極上御曹司に求愛されています
「生方隼人さんも、悠生さんと楓さんのことでじりじりしてると思うんです。見せかけだとわかってても悠生さんに嫉妬して、イライラしてるはず。だから、同じ気持ちを抱える者同士、私と生方さんが仲良くするっていうのはどうですか? まずはメッセージのやり取りをして、そのうち電話でお互いの苦しみを吐き出して慰め合う。いい考えですよね?」
芹花はにっこりと笑って悠生を見上げた。
「早速明日にでも生方さんの連絡先を調べて……」
「は? 俺がそんなこと許すわけないだろう。芹花がほかの男と関わるなんて認めるわけがない。たとえ楓とのことで悩んで苦しんでも、俺がそれ以上に芹花を愛してやるから、おかしなことは考えるな。わかったか」
愛してやると力強く叫ぶ悠生に、芹花はどこまで偉そうなんだと苦笑する。
おまけに「この部屋に閉じ込めて、仕事にも行かせないってのもありだな」と眉を寄せながらぶつぶつ言っている。
閉じ込めるとは穏やかではないが、緑と千春が言っていた「木島家の面倒なオトコども」というのはこういうことかと納得した。
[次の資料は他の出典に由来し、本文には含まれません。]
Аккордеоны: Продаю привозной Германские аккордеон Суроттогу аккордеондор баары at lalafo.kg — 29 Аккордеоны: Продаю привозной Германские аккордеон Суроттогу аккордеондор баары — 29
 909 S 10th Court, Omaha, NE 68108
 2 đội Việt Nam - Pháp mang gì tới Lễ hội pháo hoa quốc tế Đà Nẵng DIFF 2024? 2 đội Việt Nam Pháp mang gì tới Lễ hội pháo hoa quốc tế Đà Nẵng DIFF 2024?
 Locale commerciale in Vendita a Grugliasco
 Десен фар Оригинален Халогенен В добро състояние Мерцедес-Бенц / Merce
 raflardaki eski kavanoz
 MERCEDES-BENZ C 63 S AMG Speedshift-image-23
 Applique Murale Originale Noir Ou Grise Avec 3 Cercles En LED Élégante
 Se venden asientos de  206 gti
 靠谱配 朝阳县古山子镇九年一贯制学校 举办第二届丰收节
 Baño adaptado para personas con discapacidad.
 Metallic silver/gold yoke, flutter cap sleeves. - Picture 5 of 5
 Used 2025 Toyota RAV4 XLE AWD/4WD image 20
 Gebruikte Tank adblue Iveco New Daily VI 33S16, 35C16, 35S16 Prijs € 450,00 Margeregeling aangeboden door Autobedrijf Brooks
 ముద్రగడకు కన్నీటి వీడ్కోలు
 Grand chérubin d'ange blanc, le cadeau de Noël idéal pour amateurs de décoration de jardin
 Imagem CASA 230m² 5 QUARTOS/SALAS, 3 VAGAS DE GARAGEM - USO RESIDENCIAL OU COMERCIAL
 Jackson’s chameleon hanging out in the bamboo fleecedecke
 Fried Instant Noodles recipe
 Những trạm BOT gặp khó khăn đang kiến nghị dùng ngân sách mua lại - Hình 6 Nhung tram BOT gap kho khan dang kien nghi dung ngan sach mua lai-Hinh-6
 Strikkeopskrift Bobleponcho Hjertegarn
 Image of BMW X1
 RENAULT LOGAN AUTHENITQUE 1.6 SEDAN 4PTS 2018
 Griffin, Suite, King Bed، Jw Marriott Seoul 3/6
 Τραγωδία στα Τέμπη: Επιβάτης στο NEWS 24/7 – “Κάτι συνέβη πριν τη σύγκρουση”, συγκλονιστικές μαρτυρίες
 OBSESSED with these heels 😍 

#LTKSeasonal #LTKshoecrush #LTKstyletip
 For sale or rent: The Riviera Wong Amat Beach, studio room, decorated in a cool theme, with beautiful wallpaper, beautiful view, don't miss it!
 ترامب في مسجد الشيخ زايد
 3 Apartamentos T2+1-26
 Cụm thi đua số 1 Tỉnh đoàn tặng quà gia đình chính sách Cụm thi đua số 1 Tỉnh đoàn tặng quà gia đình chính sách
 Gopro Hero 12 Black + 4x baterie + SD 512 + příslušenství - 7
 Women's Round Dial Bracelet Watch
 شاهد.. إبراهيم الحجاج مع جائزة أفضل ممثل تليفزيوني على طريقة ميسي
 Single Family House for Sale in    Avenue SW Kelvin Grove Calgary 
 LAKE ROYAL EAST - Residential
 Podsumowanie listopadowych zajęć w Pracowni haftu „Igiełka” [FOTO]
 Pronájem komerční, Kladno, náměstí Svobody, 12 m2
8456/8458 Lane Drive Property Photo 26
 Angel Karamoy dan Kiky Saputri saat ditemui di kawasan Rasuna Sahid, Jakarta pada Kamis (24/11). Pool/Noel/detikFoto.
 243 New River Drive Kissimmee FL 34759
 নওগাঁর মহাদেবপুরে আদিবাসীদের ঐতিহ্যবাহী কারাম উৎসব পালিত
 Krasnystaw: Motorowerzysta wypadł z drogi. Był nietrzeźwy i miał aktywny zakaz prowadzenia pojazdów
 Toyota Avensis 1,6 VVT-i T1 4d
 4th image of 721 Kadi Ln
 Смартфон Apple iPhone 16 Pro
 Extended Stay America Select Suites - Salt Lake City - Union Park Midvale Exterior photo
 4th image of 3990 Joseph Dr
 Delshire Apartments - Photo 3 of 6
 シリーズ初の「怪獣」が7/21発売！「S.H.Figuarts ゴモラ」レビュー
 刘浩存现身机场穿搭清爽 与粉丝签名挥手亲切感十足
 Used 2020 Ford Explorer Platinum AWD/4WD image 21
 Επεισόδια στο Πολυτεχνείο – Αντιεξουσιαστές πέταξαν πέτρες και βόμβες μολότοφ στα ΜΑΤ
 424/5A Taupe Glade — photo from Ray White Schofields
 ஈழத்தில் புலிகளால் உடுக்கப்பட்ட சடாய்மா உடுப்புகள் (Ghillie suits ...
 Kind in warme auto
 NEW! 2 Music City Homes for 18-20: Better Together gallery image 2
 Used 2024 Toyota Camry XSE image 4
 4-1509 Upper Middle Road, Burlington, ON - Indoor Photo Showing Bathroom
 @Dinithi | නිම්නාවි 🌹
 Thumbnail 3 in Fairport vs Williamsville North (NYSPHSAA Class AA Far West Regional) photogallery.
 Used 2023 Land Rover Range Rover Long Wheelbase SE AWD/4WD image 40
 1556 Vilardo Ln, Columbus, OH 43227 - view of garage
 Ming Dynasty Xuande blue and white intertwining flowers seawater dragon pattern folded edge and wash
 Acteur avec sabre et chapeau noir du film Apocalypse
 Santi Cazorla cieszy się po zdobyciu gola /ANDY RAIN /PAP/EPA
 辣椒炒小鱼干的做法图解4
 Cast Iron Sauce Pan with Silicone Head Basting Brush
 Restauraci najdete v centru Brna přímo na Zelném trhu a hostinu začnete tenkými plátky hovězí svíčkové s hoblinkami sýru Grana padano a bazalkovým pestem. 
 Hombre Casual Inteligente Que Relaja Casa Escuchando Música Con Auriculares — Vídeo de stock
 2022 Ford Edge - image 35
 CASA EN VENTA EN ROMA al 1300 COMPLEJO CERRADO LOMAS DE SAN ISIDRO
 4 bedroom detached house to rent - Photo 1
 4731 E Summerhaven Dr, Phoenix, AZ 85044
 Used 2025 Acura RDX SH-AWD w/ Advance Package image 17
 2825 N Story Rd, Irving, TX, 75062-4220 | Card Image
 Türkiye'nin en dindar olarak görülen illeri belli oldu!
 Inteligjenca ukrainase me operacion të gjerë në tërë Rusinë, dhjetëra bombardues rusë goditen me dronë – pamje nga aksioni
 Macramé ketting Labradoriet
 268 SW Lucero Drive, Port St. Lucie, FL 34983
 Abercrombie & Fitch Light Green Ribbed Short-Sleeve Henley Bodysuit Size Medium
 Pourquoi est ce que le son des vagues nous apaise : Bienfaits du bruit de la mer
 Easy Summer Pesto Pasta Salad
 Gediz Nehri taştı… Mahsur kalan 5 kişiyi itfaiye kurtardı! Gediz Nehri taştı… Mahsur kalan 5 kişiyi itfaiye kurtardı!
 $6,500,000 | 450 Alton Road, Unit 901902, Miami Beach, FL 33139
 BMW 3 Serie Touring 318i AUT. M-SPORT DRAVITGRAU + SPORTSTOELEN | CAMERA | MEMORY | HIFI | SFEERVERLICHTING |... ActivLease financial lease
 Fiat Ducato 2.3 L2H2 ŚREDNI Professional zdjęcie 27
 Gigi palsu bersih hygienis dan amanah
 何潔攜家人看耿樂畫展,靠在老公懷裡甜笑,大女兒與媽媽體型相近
愛する女をどこまでも溺愛し決して手放すことがないという、面倒なオトコ。
悠生もきっとそうなのだろうと思い、芹花の心は弾んだ。
「閉じ込めるなら、週末の披露宴と、サイン会がすべて終わってからにしてくださいね。それに、悠生さんと一緒に閉じ込められたら最高なんだけど」
「最高って……いいのか? 閉じ込めて俺のモノにしても」
悠生が期待のこもった目を、芹花に向けた。
「この部屋じゃなくても、悠生さんが望む場所について行って、そこに閉じこもって、じっと絵を描いてます。その代わり、一度閉じ込めたらずっとかわいがってもらわないと」
芹花はそう言って、悠生の首に抱きついた。